Okura not:
Günün 11’i, Türkiye medyasındaki görüş ve yorum çeşitliliğini yansıtmak amacıyla hazırlanmaktadır. Aşağıda özetini bulacağınız yazıya yer vermemiz, içeriğini onayladığımız ve/veya desteklediğimiz anlamına gelmez.
Türkiye’de “Kürt varlığı”nın “Kürt sorunu”na dönüşmesi çok talihsiz bir gelişme. Ama bu konuda devlet tarafından yürürlüğe konmuş “politikalar”a bir göz atınca başka türlü olmasının imkanı bulunmadığını ve bulunamayacağını görüyoruz. Hani, karlı havada yürüyünce “kart kurt” sesler çıkıyordu da “Kürt” adı oradan geliyordu falan. Zaten “Kürt sorunu yoktur” diye kavga edenler bunun bir sorun haline gelmesinde en belirleyici rolü oynayanlardır.
Zamanında büyülü bir etkisi olan “barışçı çözüm” girişimi Tayyip Erdoğan’ın düşünüp ürettiği bir formüldü. “Tut ki başarılı olmadı, yürümedi” diye düşünmüştüm o zaman. “Gene de sırf bu ‘barışçı’ sıfatının telaffuz edilmesi, Türkiye Cumhuriyeti’nin Başbakanı tarafından telaffuz edilmiş olması önemli bir kazanımdır. İnsanların zihninde bir yere oturacaktır” diyordum. Gene derim; ama unutulmaması gereken bir şey daha var. Bir konuda aydınlık bir gelecek vadettikten sonra böyle bir şey olamayacağını göstermek derin bir hayal kırıklığı ve derin bir karamsarlık yaratır. “Barış” dendi, iyi oldu, ama şimdi işler iyi yürümüyor. Nereye varacağız?

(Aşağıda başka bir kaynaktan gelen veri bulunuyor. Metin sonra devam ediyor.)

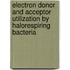 Electron donor and acceptor utilization by halorespiring bacteria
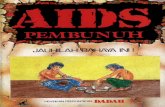 Buku aids pembunuh - infosihat.gov.my · jump-ai ubat untuk menyembuhkan penyakit AIDS vaksin tubat pe ali) untuk Kebanyakan pesakit AIDS berkesudahan . gaga-nana virus (HIV) itu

Nitekim biraz sonra olay bitti. Tayyip Erdoğan kendisi için çıkar yolun faşizan bir rota izlemek olduğuna karar vererek bugün de devam ettirdiği çizgiye sapınca ne “barış” kaldı, ne “çözüm”. Bu noktaya gelişte karşı tarafın, yani PKK’nın kusuru yok mu? Elbette var, ama kendi söylediğini ciddiye alan bir siyaset adamı PKK’yı kolayca “oyun bozucu” konumuna itebilir (zaten oradaydı), barış isteyen çoğunlukla yoluna devam edebilirdi. Ama Erdoğan’ın “barışın mimarı” değil savaşın şahini olmayı tercih etti. Böylece bugünlere geldik. Hala “Bu işi Erdoğan çözer” diye düşünen Kürtler var ama bunun mümkün olduğunu sanmıyorum. Erdoğan’ın saptığı patikadan dönüş olduğunu da düşünmüyorum. Şimdi Erdoğan “Kürt sorunu yoktur” diyenler cephesinde. Oraya ısınmış, benimsemiş yeni rolünü.